>>>>

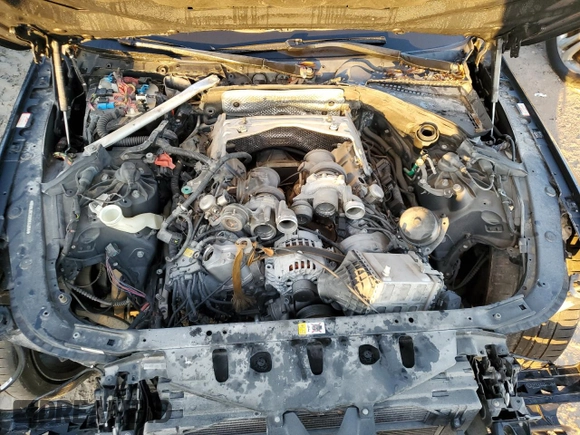 2017 BMW M6 z VIN WBS6J9C3XHD934858, wystawiony jako Copart lot #73714104 z przebiegiem Nie podano mil oraz Szkoda całkowita • Salvage title. Historia ofert i sprzedaży dostępna na DreamBid. Obrazek 11.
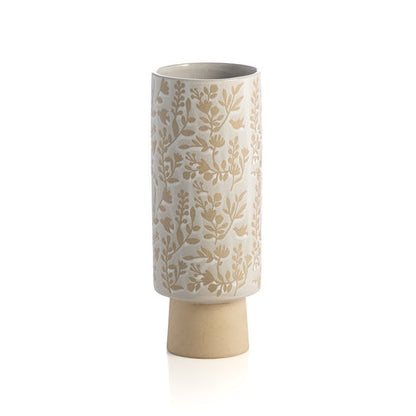 cylindrical vase with creamy white glaze and floral design on white background.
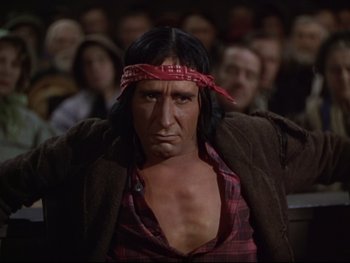 Movie still from “The Adventures of Tom Sawyer” (1938), directed by Norman Taurog – A man with a red bandanna around his neck; Close Up shot, Over the shoulder angle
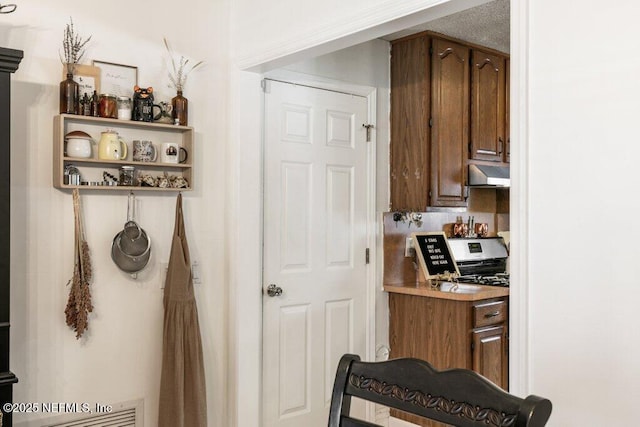 2041 Mill Creek Rd, Jacksonville, FL 32211 - kitchen with under cabinet range hood and light countertops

<<<<

Copy each line of the material above exactly, but not the images.

 2017 BMW M6 z VIN WBS6J9C3XHD934858, wystawiony jako Copart lot #73714104 z przebiegiem Nie podano mil oraz Szkoda całkowita • Salvage title. Historia ofert i sprzedaży dostępna na DreamBid. Obrazek 11.
 cylindrical vase with creamy white glaze and floral design on white background.
 Movie still from “The Adventures of Tom Sawyer” (1938), directed by Norman Taurog – A man with a red bandanna around his neck; Close Up shot, Over the shoulder angle
 2041 Mill Creek Rd, Jacksonville, FL 32211 - kitchen with under cabinet range hood and light countertops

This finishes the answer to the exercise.